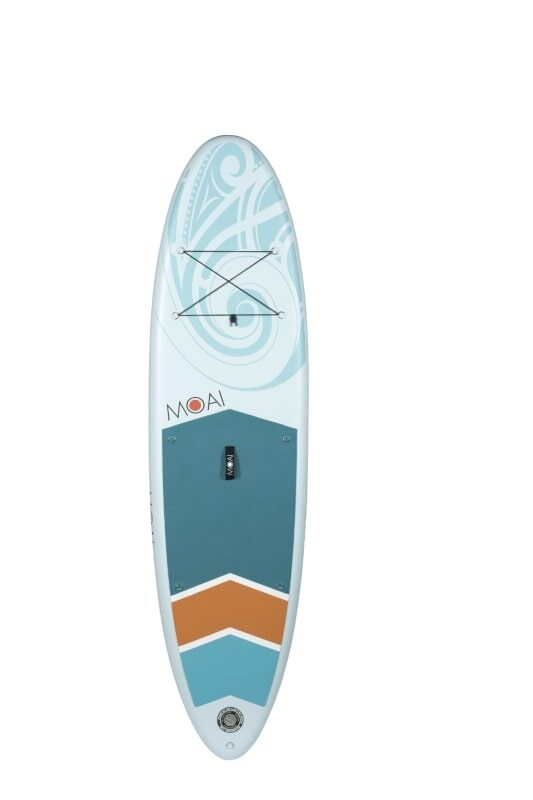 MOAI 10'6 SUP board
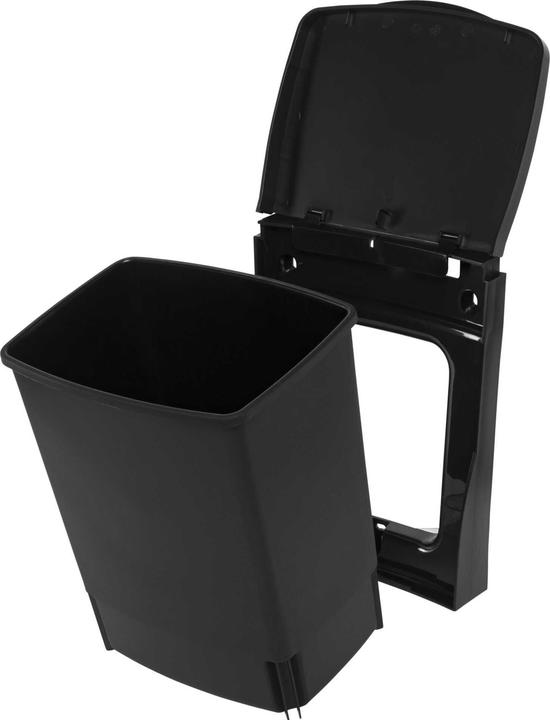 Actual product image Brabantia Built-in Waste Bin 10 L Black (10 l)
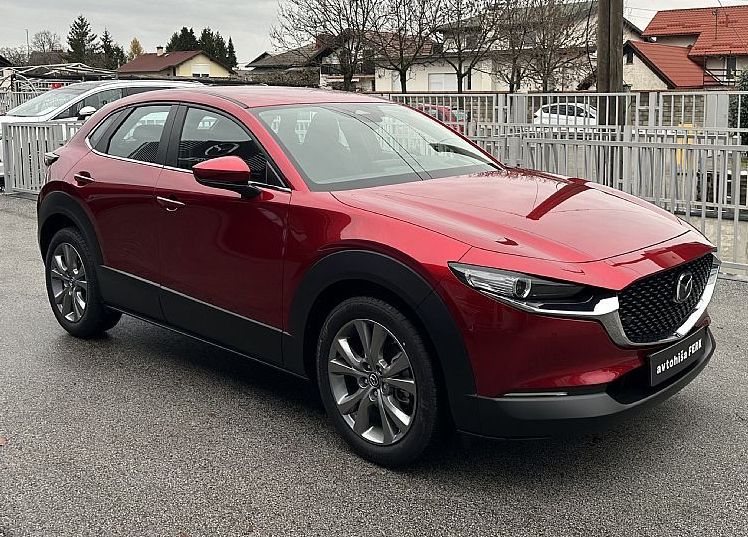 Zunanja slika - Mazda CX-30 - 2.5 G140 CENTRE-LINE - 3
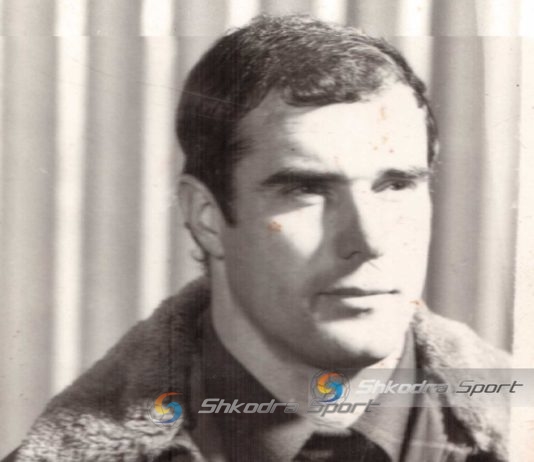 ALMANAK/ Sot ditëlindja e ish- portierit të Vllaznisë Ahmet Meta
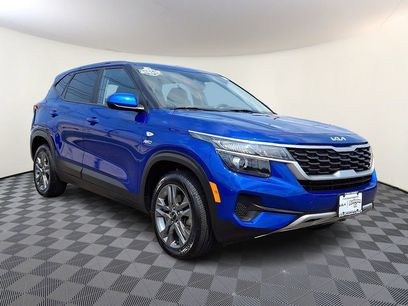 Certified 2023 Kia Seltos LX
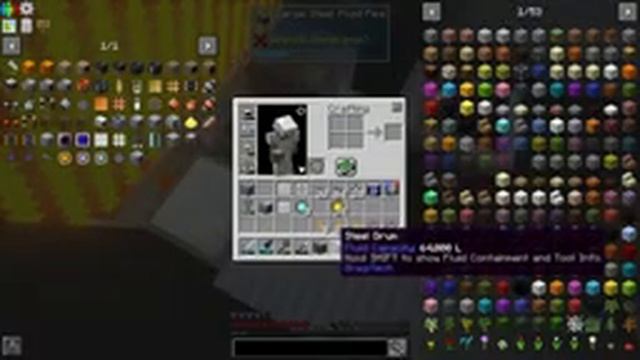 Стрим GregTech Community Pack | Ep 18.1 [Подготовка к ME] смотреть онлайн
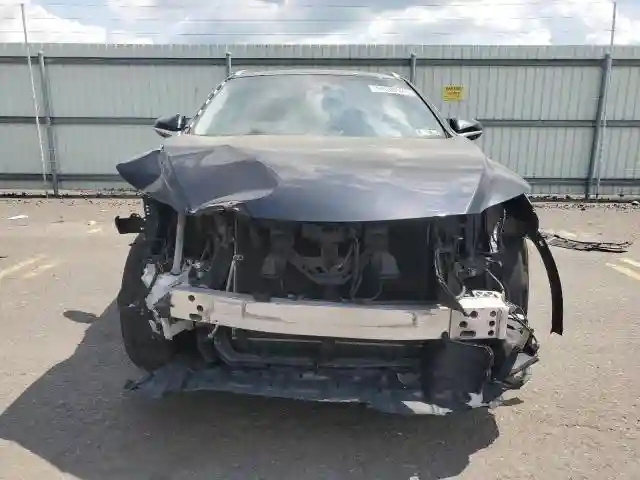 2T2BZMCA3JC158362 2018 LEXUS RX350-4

++++

Retype the lines from the one containing "Zunanja slika - Mazda" down to the last line of the records, both included, exactly and nothing more. Pictures stay out.

 Zunanja slika - Mazda CX-30 - 2.5 G140 CENTRE-LINE - 3
 ALMANAK/ Sot ditëlindja e ish- portierit të Vllaznisë Ahmet Meta
 Certified 2023 Kia Seltos LX
 Стрим GregTech Community Pack | Ep 18.1 [Подготовка к ME] смотреть онлайн
 2T2BZMCA3JC158362 2018 LEXUS RX350-4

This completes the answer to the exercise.